В те дни северный форпост был буквально наводнен шпионами, завербованными англичанами при оккупации города. Кроме того, в нем продолжали действовать миссии ряда западноевропейских государств. Молодой начальник, к тому времени сменивший фамилию и ставший Никольским, чтобы облегчить вербовки среди бывших царских офицеров, негативно относившихся к лицам еврейской национальности, энергично взялся за выявление антисоветского подполья и агентов британских и американских спецслужб. Все усилия — свои и подчиненной ему СОЧ — направил на оперативное проникновение в иностранные миссии, являвшиеся центрами шпионажа. И эта тактика оправдала себя: вскоре один за другим последовали разоблачения вражеских агентов. Эти успехи не остались незамеченными, и уже осенью он возвратился в Москву.
По решению руководства ВЧК теперь уже товарищу Никольскому пришлось прервать службу, чтобы усовершенствовать свою теоретическую подготовку в Школе правоведения. После окончания учебы он в течение непродолжительного времени поработал помощником прокурора и в 1923 году вернулся на службу в органы государственной безопасности во вновь созданное экономическое управление (ЭКУ).

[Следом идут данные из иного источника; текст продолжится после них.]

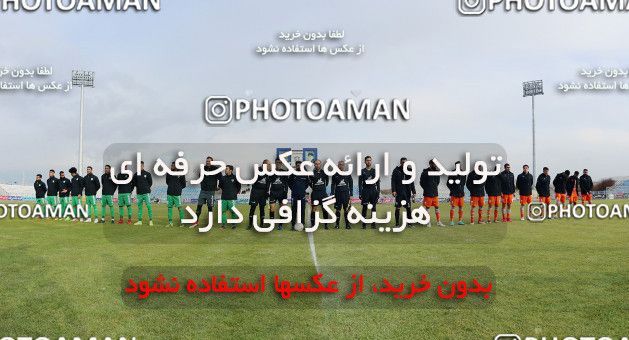 1700729, Tabriz, , Iran Football Pro League، Persian Gulf Cup، Week 12، First Leg، Mashin Sazi Tabriz 1 v 0 Saipa on 2019/11/28 at Gostaresh Foolad Stadium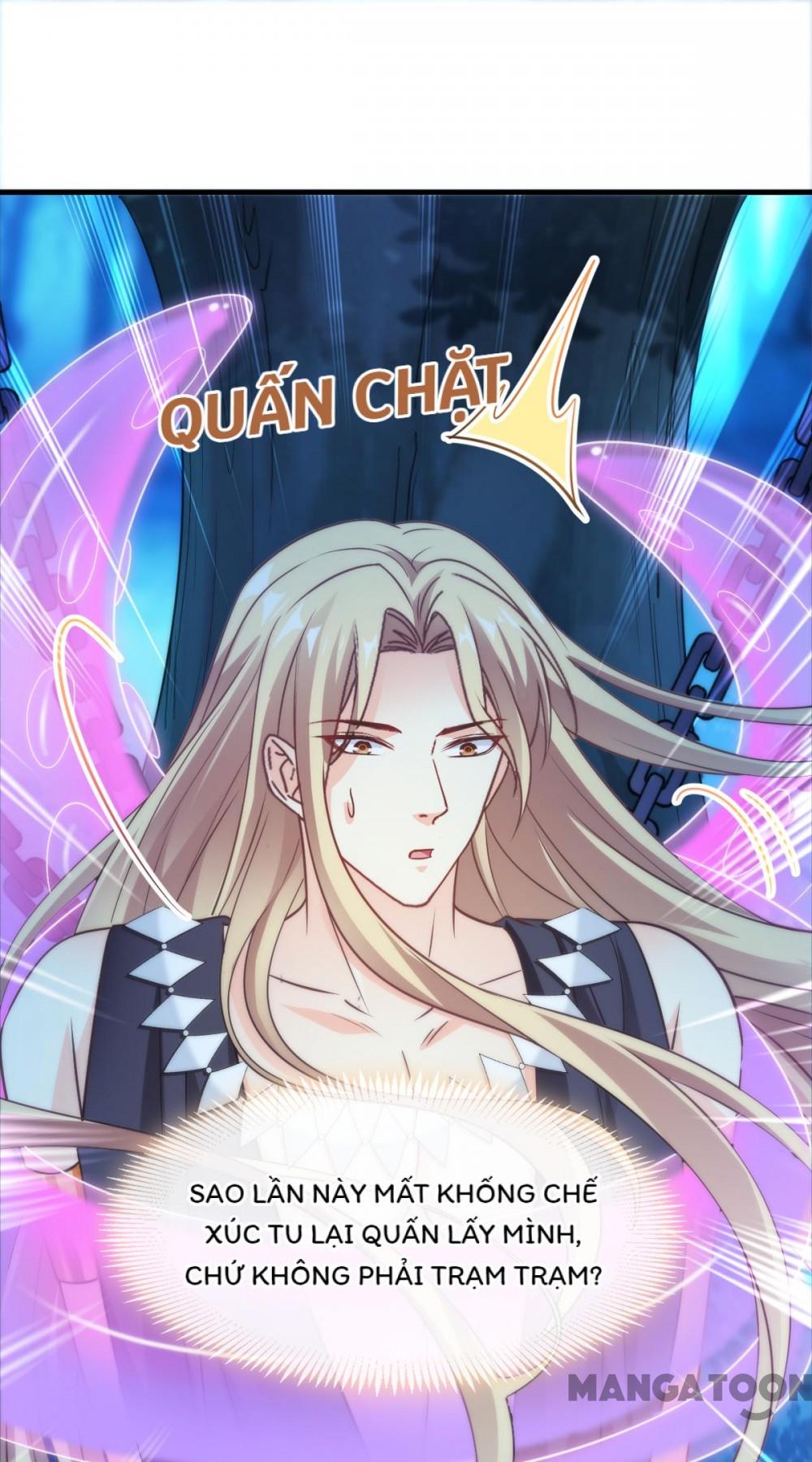 Tân Nương Của Ma Thần Chapter 92 - Trang 32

Прошло еще два года, и перспективный, инициативный работник был брошен на ответственный участок — укреплять советскую границу в Грузии и бороться с происками местных меньшевиков и националистов. Под его рукой находилась бригада в 11 тысяч штыков. С присущей ему напористостью молодой комбриг быстро усмирил непокорных, загнал в горы абреков и перекрыл пути контрабандистам.
Расчетливый, амбициозный и самоуверенный щеголь у многих сотрудников вызывал неприязнь и зависть. Но в Москве на эти недостатки не обращали внимания, в центральном аппарате ОГПУ больше ценили его организаторские способности, железную хватку и знание иностранных языков. В 1926 году Никольского перевели в разведку и сразу же назначили на должность легального резидента ИНО под «крышу» советского торгпредства в Париже.
В очередной раз сменив фамилию и став теперь Николаевым, он активно взялся за новое для себя дело и первое, что сделал, так это провел ревизию агентурной сети. Она произвела на него удручающее впечатление. Одни агенты оказалась засвеченными перед контрразведкой, другие бездарно растранжирили оперативные средства, отпускаемые Центром на создание прикрытия — различных коммерческих фирм. Но главные причины низкой результативности, по его мнению, заключались в слабой подготовке сотрудников и уязвимости агентуры, работа с которой в основном велась с официальных позиций. В своих предложениях, направленных на Лубянку, он настаивал на укреплении резидентуры профессионалами, а не партийными назначенцами и переносе центра тяжести в разведывательной работе на нелегальную сеть. В Москве не спешили прислушиваться к мнению новичка, пока сами обстоятельства не заставили руководство ИНО и ОГПУ пересмотреть свою позицию.
В марте 1927 года в Варшаве польская контрразведка накрыла почти всю советскую разведывательную сеть. И еще не успело ОГПУ оправиться от провала, как снова оказалось в центре нового скандала. Под каток турецкой контрразведки попало торгпредство в Стамбуле. В результате большинство оперативных позиций в Турции оказались утерянными. Спустя месяц, 6 апреля, китайская полиция совершила налет на советское консульство в Пекине, и ее добычей стала значительная часть секретной документации, касавшаяся агентурно‑оперативной работы резидентуры. Но наиболее серьезный урон разведка понесла в Лондоне. Там ей пришлось полностью свернуть работу.